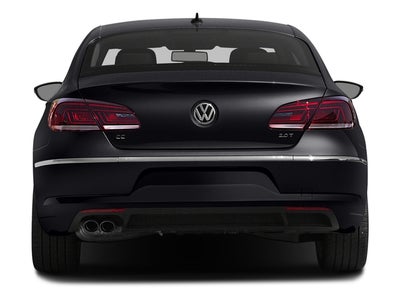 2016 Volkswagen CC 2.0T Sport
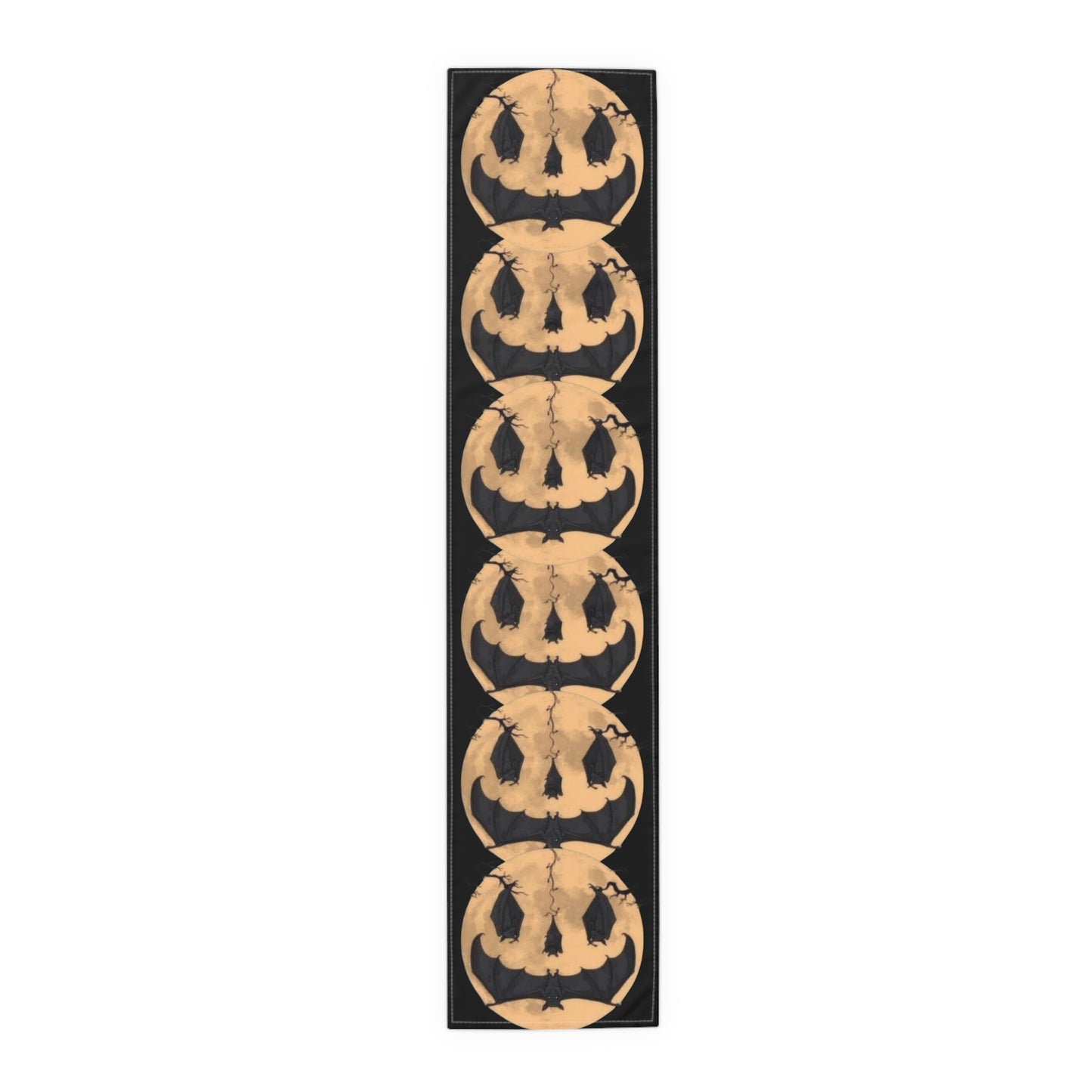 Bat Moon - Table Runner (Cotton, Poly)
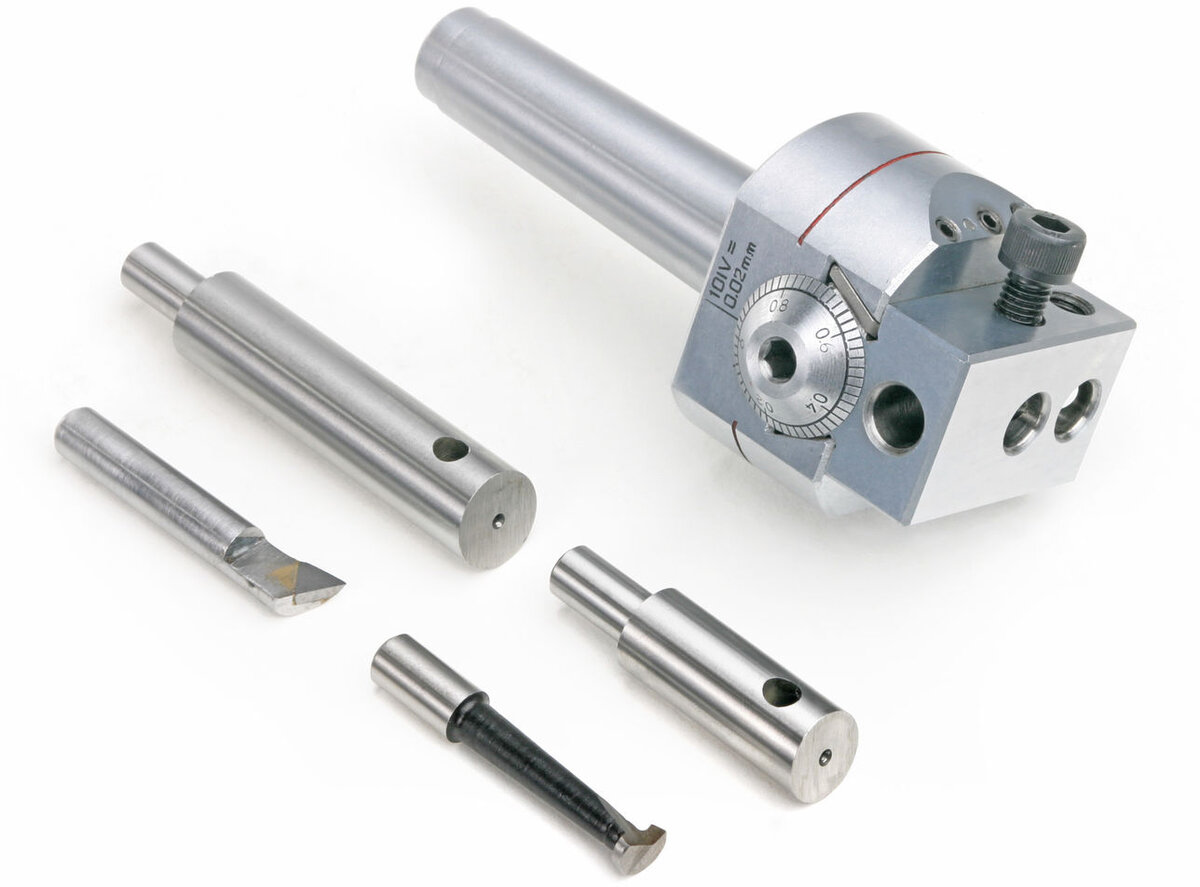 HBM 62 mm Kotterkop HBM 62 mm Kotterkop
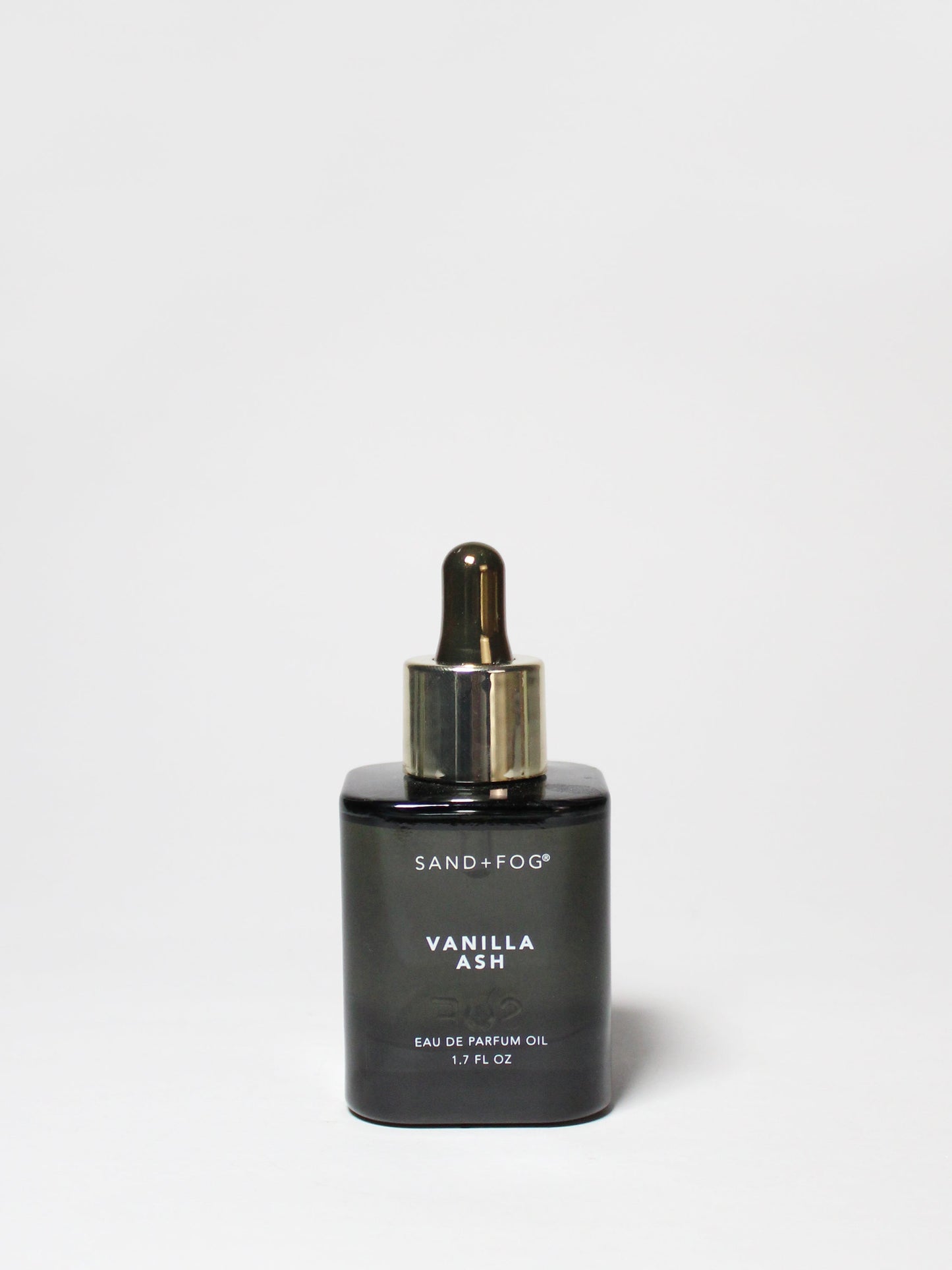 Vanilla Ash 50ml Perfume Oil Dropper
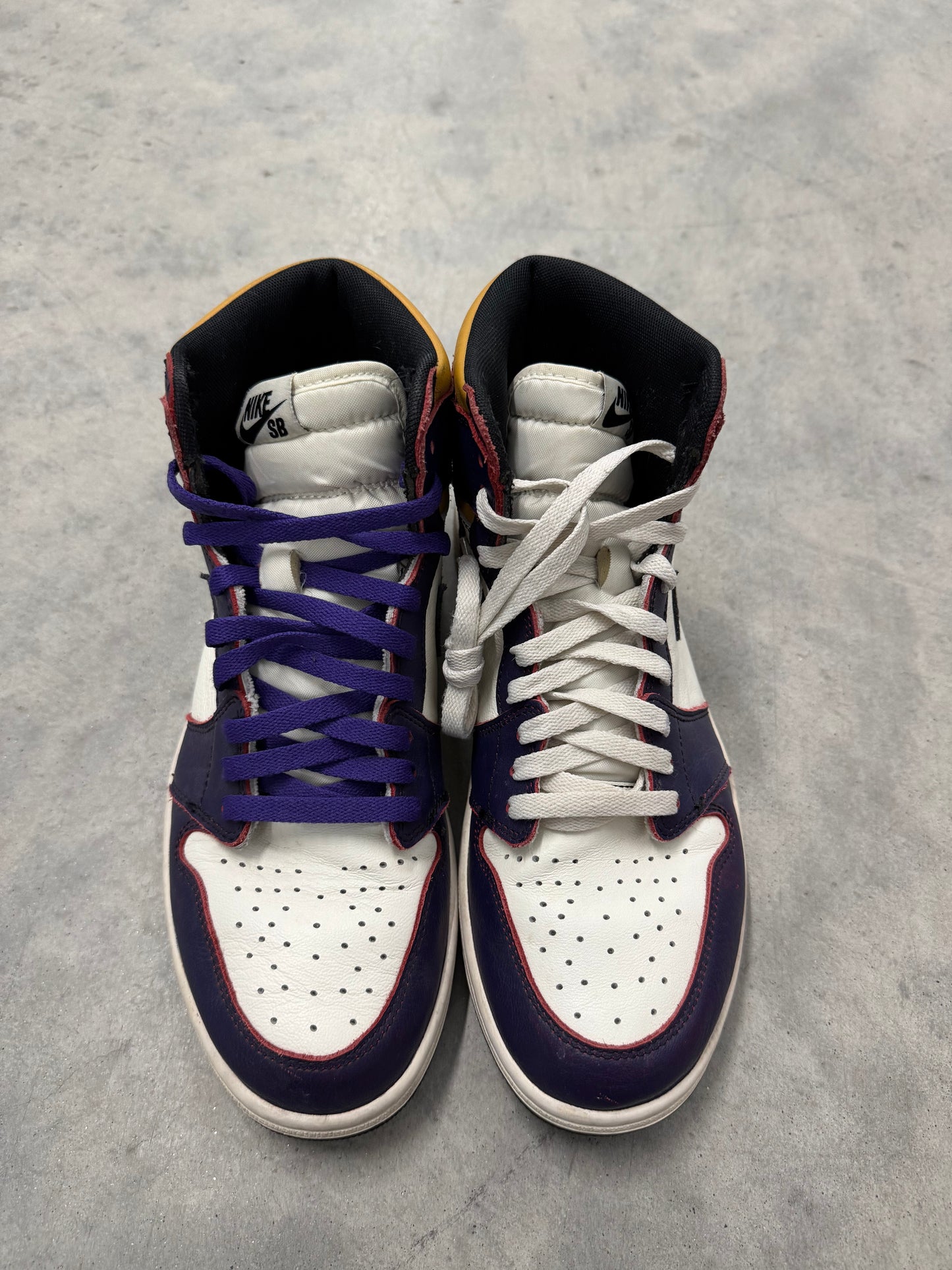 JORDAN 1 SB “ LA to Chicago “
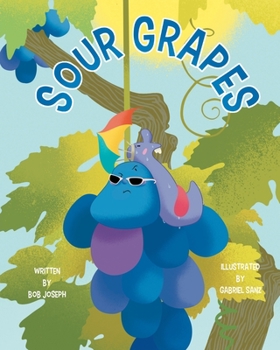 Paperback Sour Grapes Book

:: GOAL OF THE EXERCISE ::
Leave out every picture, and repeat word for word only the lines from the one holding "HBM 62 mm Kotterkop HBM 62 mm Kotterkop" through the end of the entries above, both ends included.

:: RESPONSE TO THIS EXERCISE ::
 HBM 62 mm Kotterkop HBM 62 mm Kotterkop
 Vanilla Ash 50ml Perfume Oil Dropper
 JORDAN 1 SB “ LA to Chicago “
 Paperback Sour Grapes Book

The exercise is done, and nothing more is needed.